Server-side OpenPose with cloud GPUs

OpenPose software detects bodies in video. It runs best on GPU hardware, including on servers. An easy way to set that up is with Google’s Compute Platform, which is a metered cloud platform that can be configured with GPU hardware. There’s a couple of tricks to know, but it does give significant speed-ups over non-GPU hardware.

Launch a deep learning instance

Creating the GCP compute instance is straightforward enough, but for an easy life you want to select the specific Linux distribution: “Deep learning on Linux”. The default is (at the time of writing) Debian without any of the pre-configured GPU dependencies.

A type instance might be:

  • us-central-1
  • Series: N1
  • GPU: V100
  • Deep learning on Linux (not the default Debian); 50 GB disk

Launch that (which will cost you money), and first time you log in you’ll be promoted to install the NVIDIA drivers.

Install OpenPose

The second trick, which is specific for compatibility with OpenPose, is to remove Conda. Now, Conda is a great tool for managing Python environments but for OpenPose it includes an incompatible version of Protobuf.
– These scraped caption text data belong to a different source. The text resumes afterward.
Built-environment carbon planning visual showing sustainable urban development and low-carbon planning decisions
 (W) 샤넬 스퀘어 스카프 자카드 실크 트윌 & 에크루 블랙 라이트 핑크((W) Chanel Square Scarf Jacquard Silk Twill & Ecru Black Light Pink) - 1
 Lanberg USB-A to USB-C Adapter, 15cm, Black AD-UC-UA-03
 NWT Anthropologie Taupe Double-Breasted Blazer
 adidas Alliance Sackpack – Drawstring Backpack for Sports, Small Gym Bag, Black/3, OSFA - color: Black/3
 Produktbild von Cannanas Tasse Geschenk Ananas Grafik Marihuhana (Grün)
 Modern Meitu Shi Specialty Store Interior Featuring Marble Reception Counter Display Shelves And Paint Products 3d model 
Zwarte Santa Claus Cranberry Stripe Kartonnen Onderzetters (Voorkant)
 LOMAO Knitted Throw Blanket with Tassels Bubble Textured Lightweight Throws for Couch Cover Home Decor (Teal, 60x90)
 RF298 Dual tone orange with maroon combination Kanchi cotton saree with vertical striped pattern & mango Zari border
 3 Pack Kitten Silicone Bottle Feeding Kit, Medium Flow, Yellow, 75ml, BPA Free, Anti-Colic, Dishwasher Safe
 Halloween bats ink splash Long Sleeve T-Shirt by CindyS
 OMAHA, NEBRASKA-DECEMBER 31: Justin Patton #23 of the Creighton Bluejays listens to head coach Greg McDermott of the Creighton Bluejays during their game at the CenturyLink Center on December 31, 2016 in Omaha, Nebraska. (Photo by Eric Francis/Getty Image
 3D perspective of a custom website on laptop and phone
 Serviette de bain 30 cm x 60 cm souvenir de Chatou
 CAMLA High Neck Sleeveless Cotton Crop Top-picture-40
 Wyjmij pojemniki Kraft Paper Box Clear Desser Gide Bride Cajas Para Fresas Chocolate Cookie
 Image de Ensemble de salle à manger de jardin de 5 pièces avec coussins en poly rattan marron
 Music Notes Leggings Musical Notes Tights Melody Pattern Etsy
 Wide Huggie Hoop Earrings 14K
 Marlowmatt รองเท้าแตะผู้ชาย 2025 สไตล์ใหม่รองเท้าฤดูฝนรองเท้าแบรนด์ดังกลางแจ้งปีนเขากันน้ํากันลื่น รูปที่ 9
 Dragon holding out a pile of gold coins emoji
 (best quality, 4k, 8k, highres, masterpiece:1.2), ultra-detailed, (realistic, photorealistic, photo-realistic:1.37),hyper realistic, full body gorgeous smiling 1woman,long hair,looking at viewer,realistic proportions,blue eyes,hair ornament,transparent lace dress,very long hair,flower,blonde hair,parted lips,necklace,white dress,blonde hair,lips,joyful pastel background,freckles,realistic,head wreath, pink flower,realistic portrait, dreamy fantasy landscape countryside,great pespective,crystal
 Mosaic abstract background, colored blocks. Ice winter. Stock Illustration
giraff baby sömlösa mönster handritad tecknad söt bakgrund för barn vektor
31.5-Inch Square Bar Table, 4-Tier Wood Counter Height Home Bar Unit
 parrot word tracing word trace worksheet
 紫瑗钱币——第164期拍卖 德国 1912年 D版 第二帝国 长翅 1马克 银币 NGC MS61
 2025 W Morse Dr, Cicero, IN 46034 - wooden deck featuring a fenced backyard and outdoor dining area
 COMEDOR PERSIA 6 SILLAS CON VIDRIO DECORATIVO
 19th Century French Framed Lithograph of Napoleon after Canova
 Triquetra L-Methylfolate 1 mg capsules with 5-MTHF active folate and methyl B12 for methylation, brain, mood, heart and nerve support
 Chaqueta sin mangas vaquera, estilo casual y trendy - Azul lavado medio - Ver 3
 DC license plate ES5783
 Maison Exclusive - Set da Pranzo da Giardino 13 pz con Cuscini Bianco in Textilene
To fix that, edit /etc/profile.d/env.sh and comment out:

. "/opt/conda/etc/profile.d/conda.sh"
conda activate base

…and restart your shell. For belt-and-braces I also took the nuclear option: sudo mv /opt/conda /opt/conda.deactivated.

The rest of the installation for OpenPose is as per the OpenPose docs. E.g.,

git clone https://github.com/CMU-Perceptual-Computing-Lab/openpose.git
cd openpose/
git submodule update --init --recursive --remote

sudo apt update
sudo apt-get install -y libgoogle-glog-dev libboost-all-dev libatlas-base-dev libopencv-dev protobuf-compiler

mkdir build && cd build
cmake ..
make -j`nproc`

The result

Is it worth that to be able to run on a GPU? Yes: for me, it was a 20x speed up compared to my spicy (for Intel) Mac desktop machine.

I find phrases like “20x speed up” a little too abstract to appreciate. In practice, it means something that took 30 minutes now takes 90 seconds.